RELATIONSHIPS AS WORKPLACE
Today, the division between work and life – the “work-life balance” – seems most acute when relationships at work are poor. Many people leave their jobs because of poor relationships, regardless of how much otherwise they would enjoy the job itself; and many people persevere with less than satisfying jobs because of the quality of relationships around them.
‘Western newspapers constantly run articles on the ‘work-life balance’. But the term is misleading. The real issue isn’t stopping work taking over your life. Nor is the choice between earning money at work and having relationships at home. It’s managing the whole range of your relationships – in work and outside work – in a way that maximises outcomes’ [Michael Schluter and David John Lee, The R Option (Cambridge: Relationships Foundation, 2003), 28].
(Developing the same relationships in a variety of contexts, such as work and home, is another RF precondition for quality relationships known as multiplexity.)
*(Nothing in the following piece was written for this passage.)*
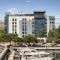 SpringHill Suites by Marriott Bradenton Downtown/Riverfront - 布雷登顿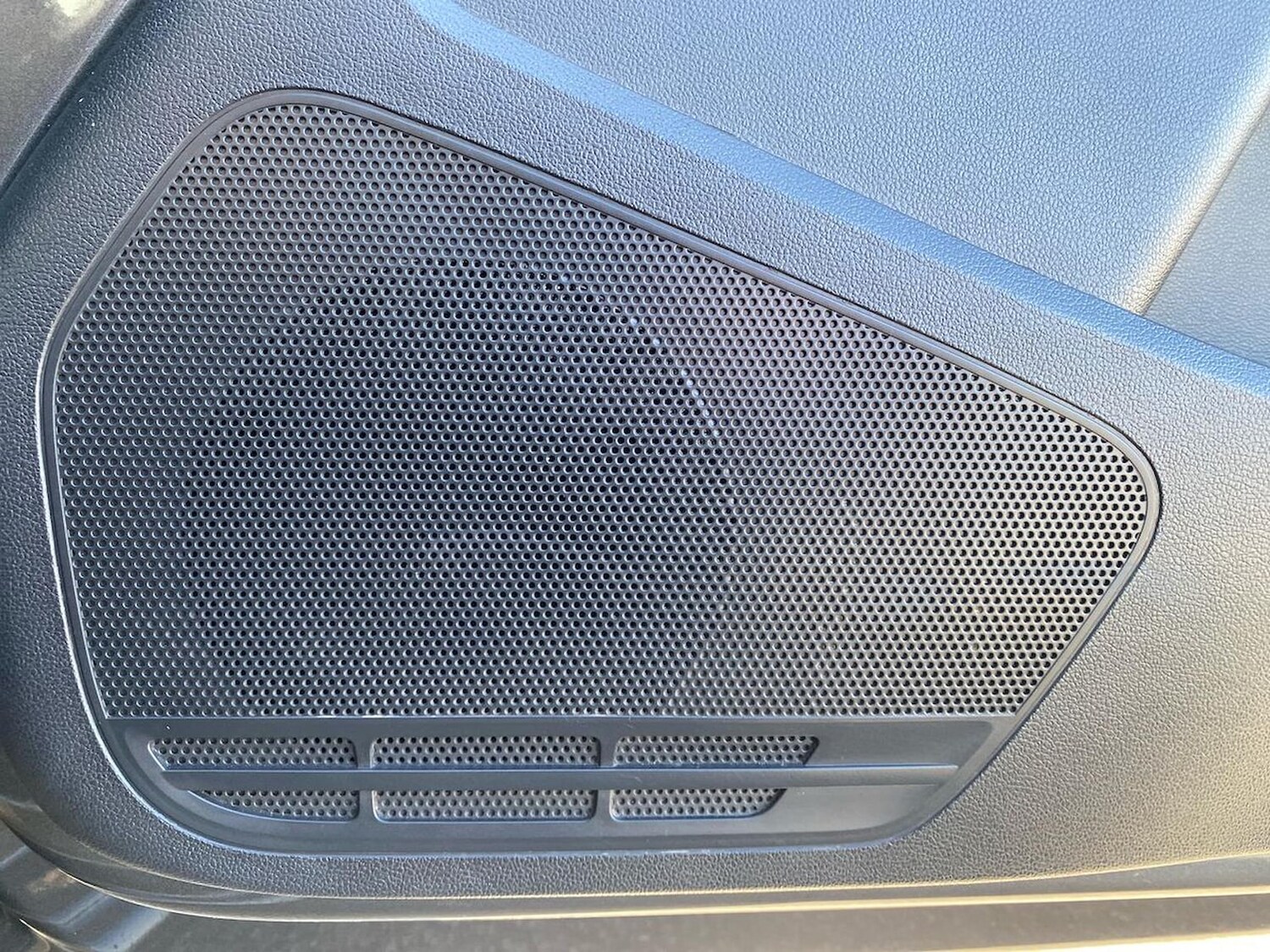 Used Volkswagen up! 2022 for sale - 78195952: Photo 26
But because the fruit of good relationships is not immediately quantifiable, relationships are not seen as a place of work. Again, the protestant work ethic might be exacerbating the myth that relationships just happen. Against this, I wish to suggest that the workplace is not necessarily the physical space of the office (or whatever). Rather, the place of work is primarily – or should primarily be – the relationships within which we find ourselves.
WORK AS RELATIONAL
This not only means that relationships require work, but also that our daily work impinges, for better or for worse, on those relationships. (Indeed, our work might also impinge on relationships in which we do not find ourselves, such is the nature of the global economy.) As the work of the RF demonstrates, our daily work is not relationally neutral.
GOD
This non-neutrality is not restricted to the “horizontal” dimension of relationships either, because the “horizontal”– our relationship with others – is related to the “vertical” – our relationship with God. So not only does work impinge on our relationship with God, but working on our relationships with others also requires working on our relationship with him. As Bonhoeffer puts it, since ‘we can meet others only through the mediation of Christ … spiritual love will speak to Christ about a brother more than to a brother about Christ’ [Bonhoeffer, Life Together, 23].